(Data in this exercise Opens)

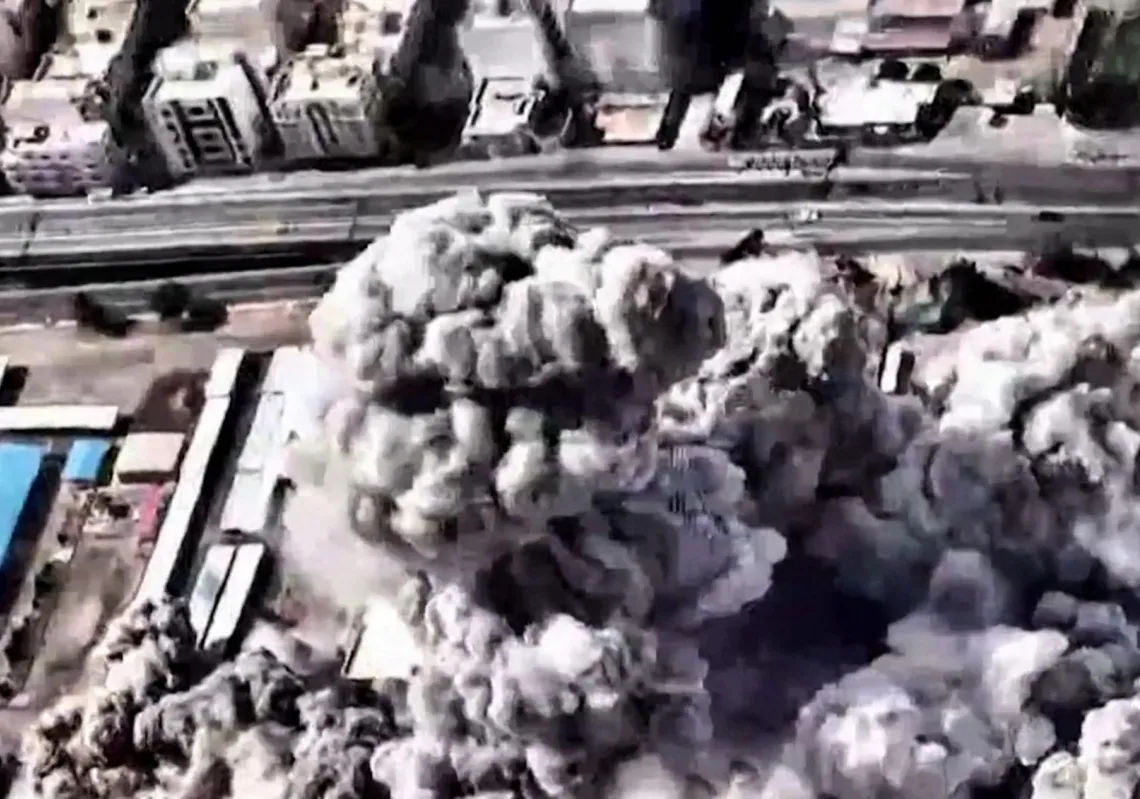 لقطة من فيديو وزعه الجيش الاسرائيلي تُظهر الانفجار في مقر المرشد الايراني في 28 فبراير 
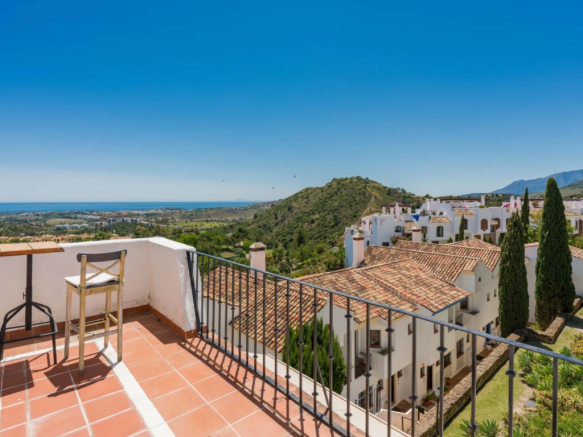 TERRACE AND VIEWS
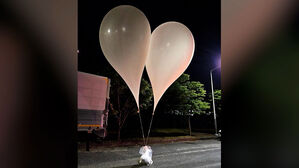 대북방송 재개 예고&hellip;북 "오물 살포 잠정 중단"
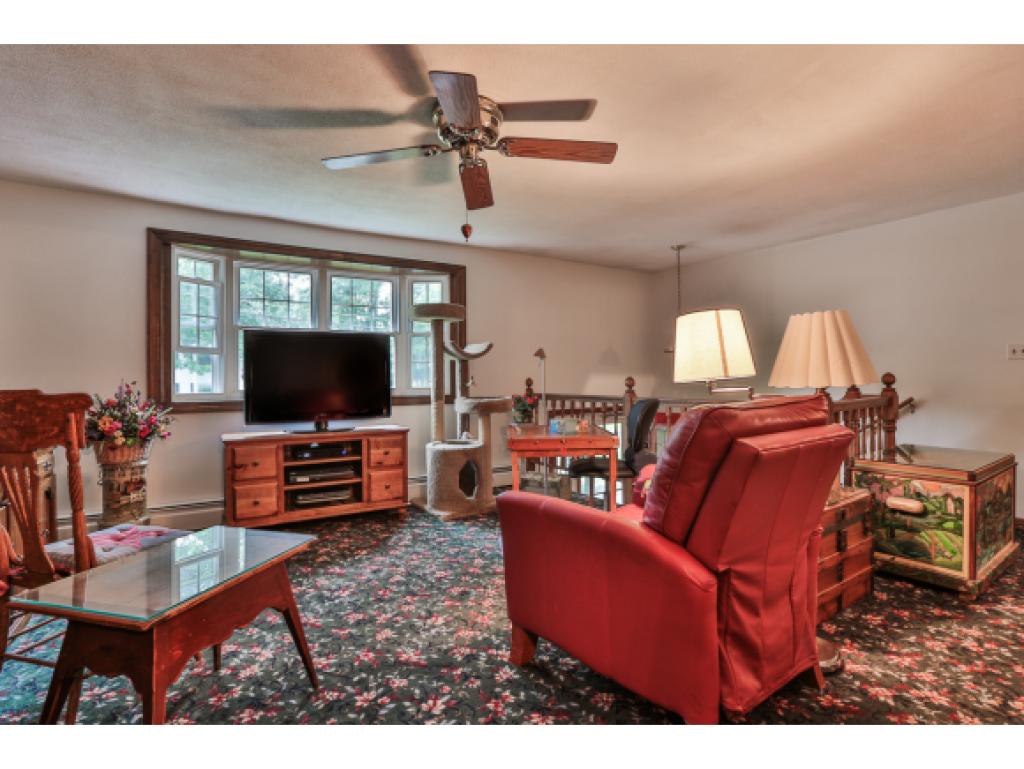 11 Gordon Road Derry, NH 03038 - Photo 4 of 19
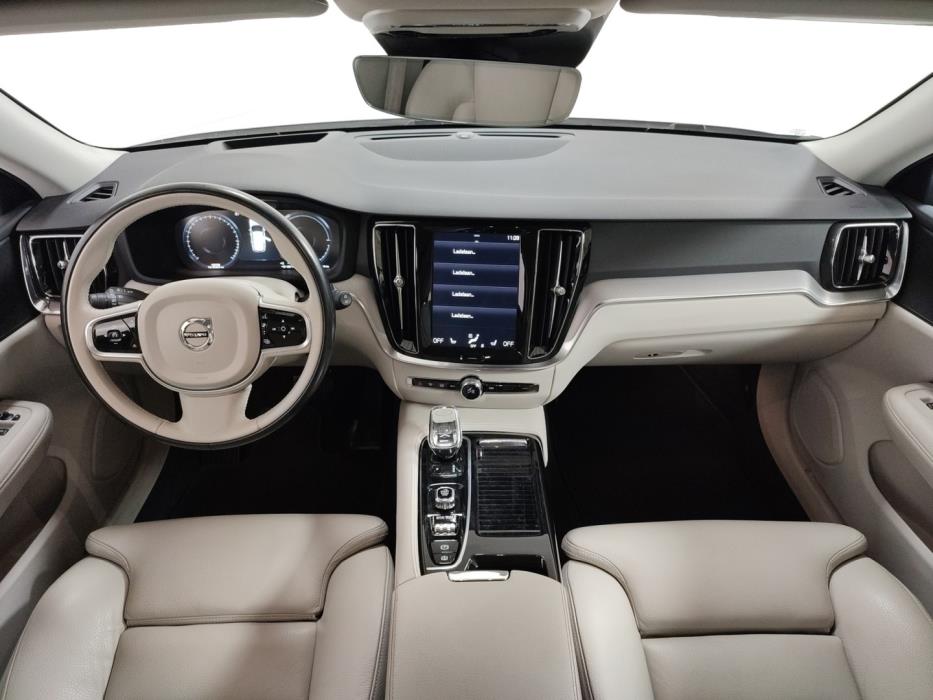 VOLVO V60 2020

(Data in this exercise Closes)

• [Assignment]:
Would you please copy the listing exactly, omitting every picture?

• [Output of the exercise]:
 لقطة من فيديو وزعه الجيش الاسرائيلي تُظهر الانفجار في مقر المرشد الايراني في 28 فبراير 
 TERRACE AND VIEWS
 대북방송 재개 예고&hellip;북 "오물 살포 잠정 중단"
 11 Gordon Road Derry, NH 03038 - Photo 4 of 19
 VOLVO V60 2020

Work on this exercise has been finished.